_Required action:_
Could you retype every line below exactly, omitting the images?

══ Data for analysis ══

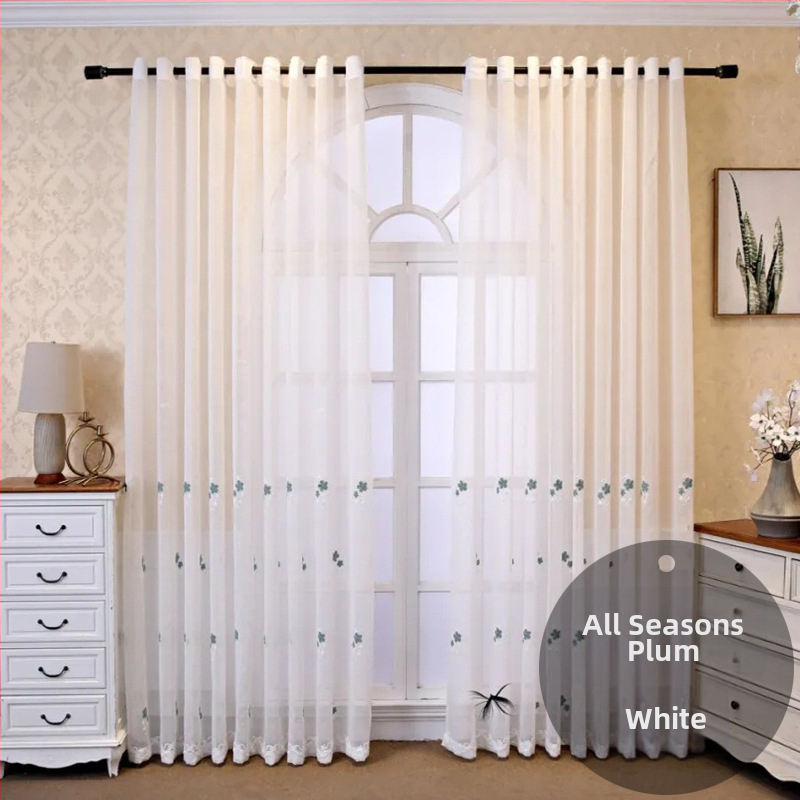 Nagykereskedelmi francia csipke ablakfüggöny otthoni nappali hálószoba félárnyékoló ablakfüggöny romantikus fehér csipke erkélyfüggöny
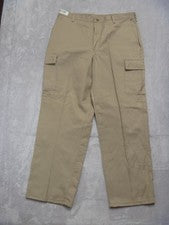 ¡NUEVO! Pantalones cargo industriales Red Kap para hombre 36 x 31 caqui 6 bolsillos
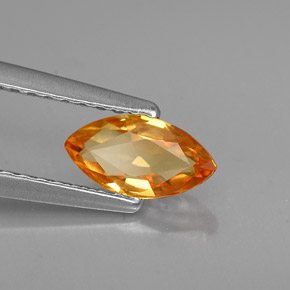 0.79 ct Yellow Sapphire Stone, Natural Sapphire in Marquise Facet Shape for Sale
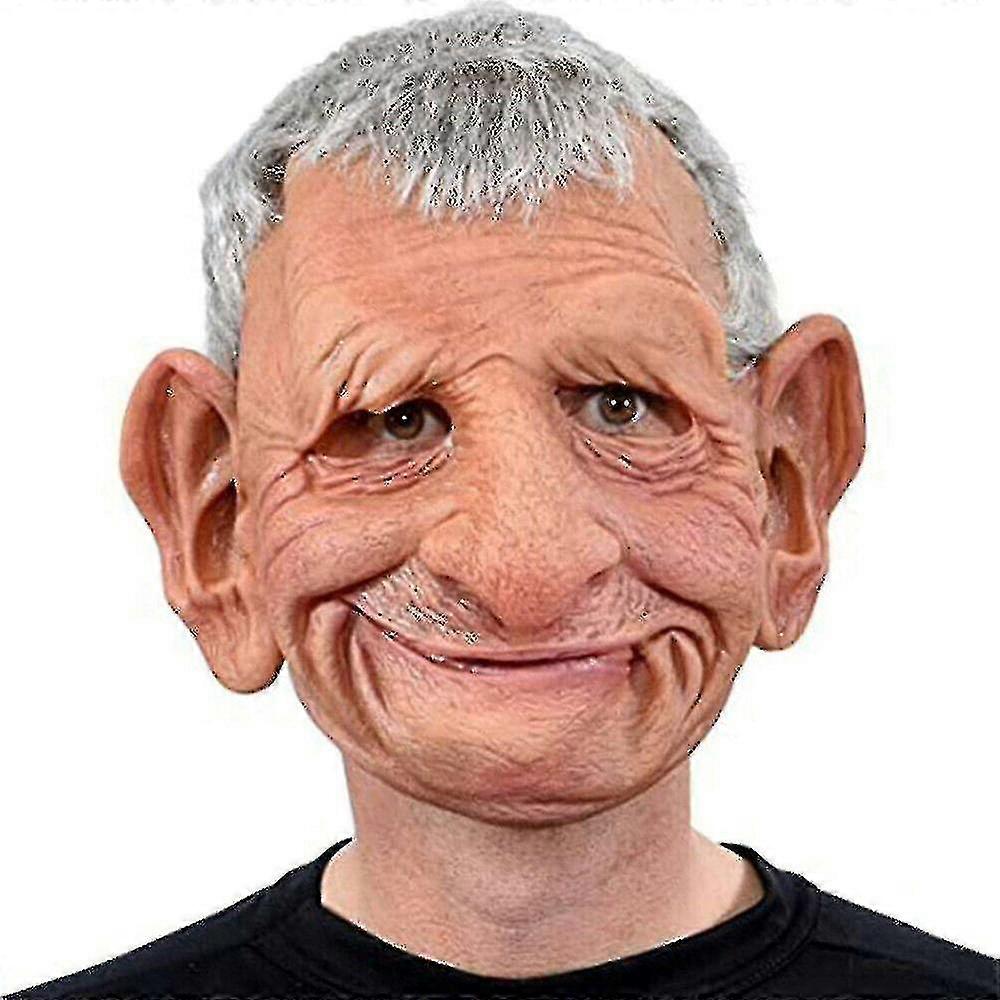 老人マスクメンズウィメンズスーパーソフトラテックスマスクリアルハロウィンラテックスヒューマンリンクルフェイスマスクノベルティラテックスフルヘッドマスク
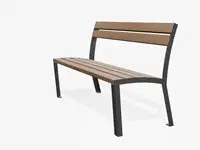 Banc LA STRADA sans accoudoirs, 130cm - Frêne thermotraité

═══

_Solution to the exercise:_
 Nagykereskedelmi francia csipke ablakfüggöny otthoni nappali hálószoba félárnyékoló ablakfüggöny romantikus fehér csipke erkélyfüggöny
 ¡NUEVO! Pantalones cargo industriales Red Kap para hombre 36 x 31 caqui 6 bolsillos
 0.79 ct Yellow Sapphire Stone, Natural Sapphire in Marquise Facet Shape for Sale
 老人マスクメンズウィメンズスーパーソフトラテックスマスクリアルハロウィンラテックスヒューマンリンクルフェイスマスクノベルティラテックスフルヘッドマスク
 Banc LA STRADA sans accoudoirs, 130cm - Frêne thermotraité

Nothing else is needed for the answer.